#### [Supplied data]
______
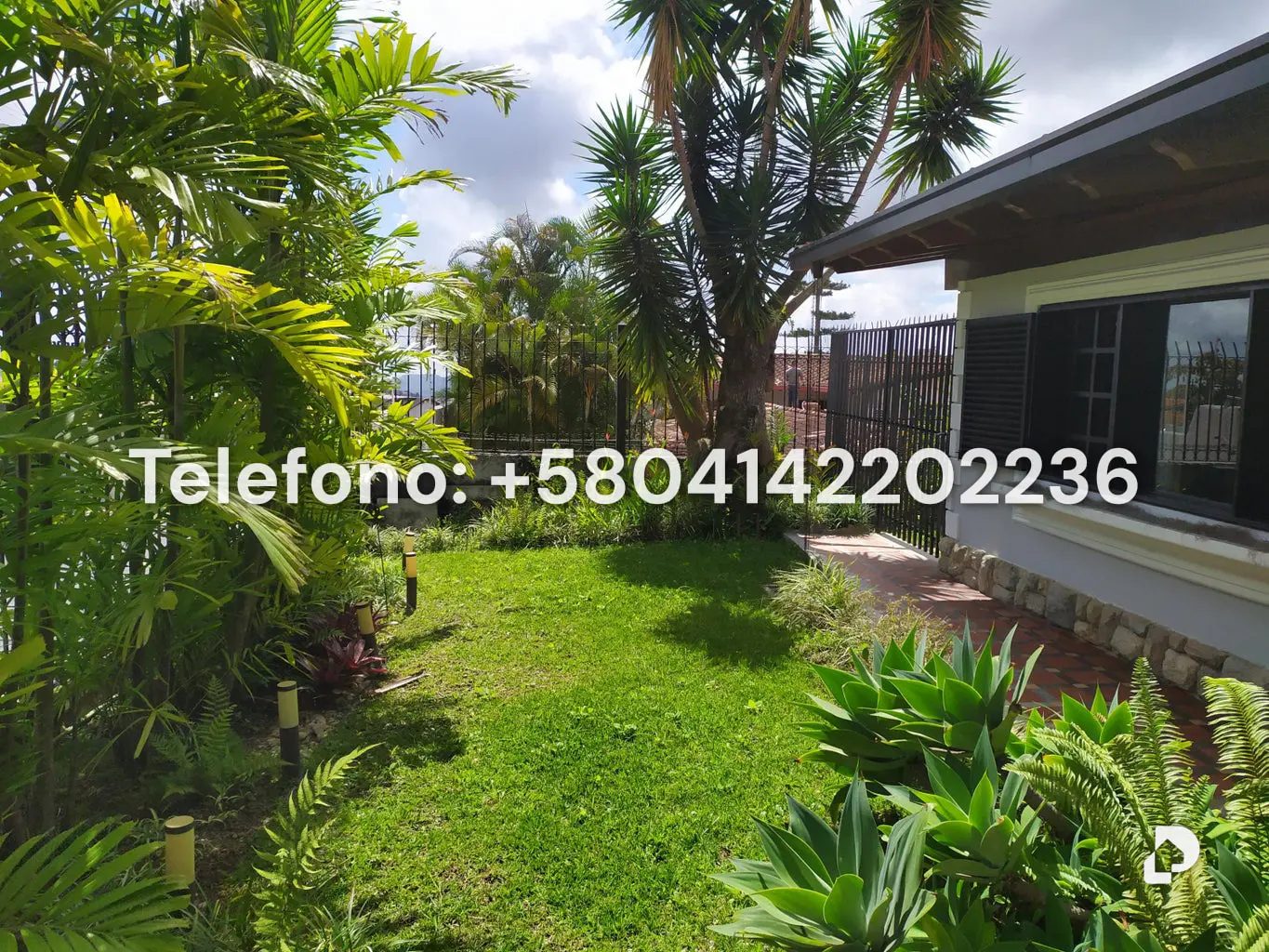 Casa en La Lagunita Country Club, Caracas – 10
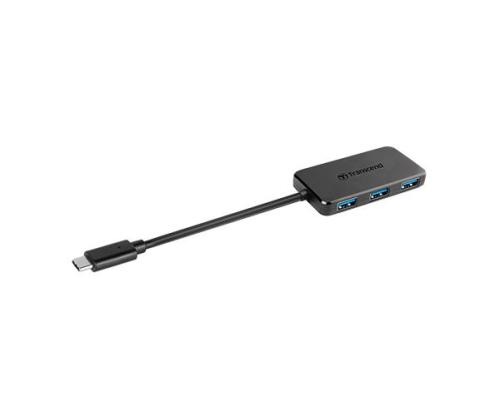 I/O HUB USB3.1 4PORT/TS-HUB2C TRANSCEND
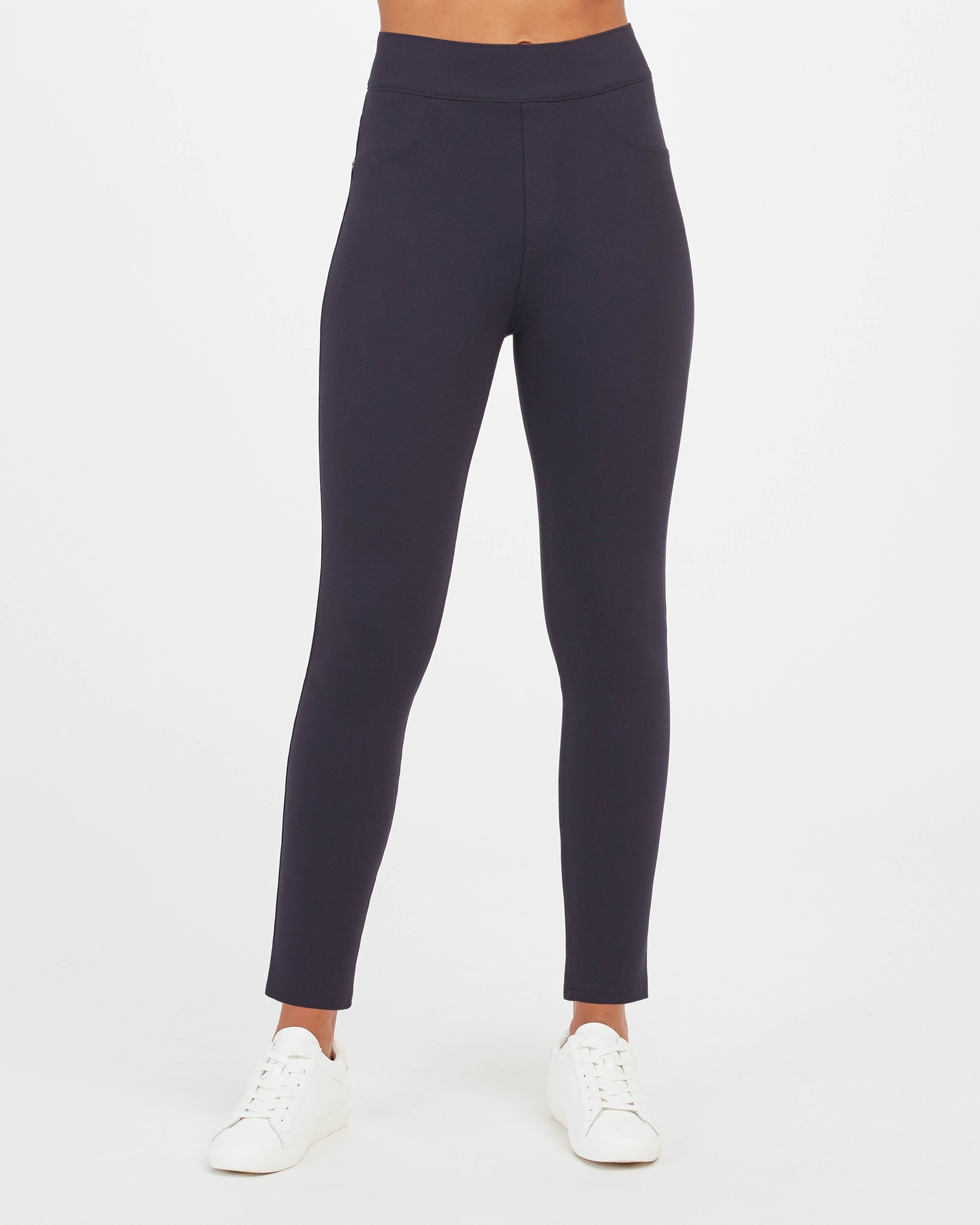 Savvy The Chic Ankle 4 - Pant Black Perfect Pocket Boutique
______
#### [Directions for this task]
With the pictures omitted, write out exactly the lines from the one that contains "I/O HUB USB3.1 4PORT/TS-HUB2C TRANSCEND" through the final line of the material above, both ends included.

#### [Solution to this task]
 I/O HUB USB3.1 4PORT/TS-HUB2C TRANSCEND
 Savvy The Chic Ankle 4 - Pant Black Perfect Pocket Boutique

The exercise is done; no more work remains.